Одним словом, Хамди-бея больше уже не следовало опасаться и можно было ограничиться лишь светскими любезностями, на которые не скупились ни госпожа Виганд, подливая Хамди-бею чай, ни доктор Виганд, подготавливая два-три доклада по археологии для его сына. Мы же хорошие друзья, не правда ли, а если ты не хочешь оставаться другом, тогда мой кайзер напишет твоему султану, что я тобой не доволен! А если ты будешь вести себя хорошо, подожди немного, и в день твоего юбилея мы сделаем тебя почетным доктором Лейпцигского университета! И обрати внимание: твой новый, еще более суровый закон об античных предметах мы просто задушим нотой протеста, а если Австрия нас не поддержит, ну что же, тем хуже для тех, кто не знает, что такое настоящая власть!
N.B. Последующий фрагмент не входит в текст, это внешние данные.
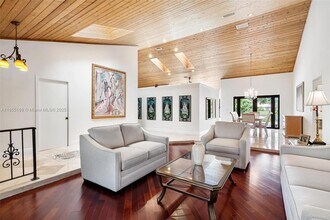 2685 NW 27th Terrace in Boca Raton, FL - Building Photo - Building Photo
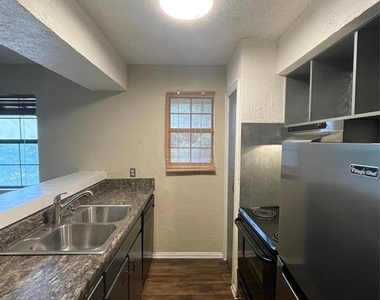 516 South Park Dr - Photo Thumbnail 2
Да, музей в Берлине снабжают теперь совсем неплохо. Из Милета он получает почти всю древнюю пластику; Хамди остается лишь немного вещей эллинистического времени да римских копий с греческих оригиналов. Но вот рыночные ворота из Милета? Кто должен их получить?

Виганду пришлось ненадолго отправиться в Берлин и посидеть за высочайшим обеденным столом среди придворных. Он привез с собой фотографии рыночных ворот в Милете римского времени, которые соответствуют понятиям кайзера о высоком искусстве и нравятся ему необычайно, так как своими грубыми римскими линиями, искажающими благородные греческие формы, и пышными, но бессмысленными парадными колоннами они напоминают то искусство, которое создает придворный советник по строительству фон Ине.

— Хорошо, очень хорошо, дорогой Виганд, — говорит кайзер и добавляет именно то, что хочет услышать генеральный директор. Кайзер считает ворота не просто красивыми, а прекрасным, единственным сохранившимся образцом римских фасадов. — Подобные вещи необходимы, как приме]) для подражания нашим архитекторам.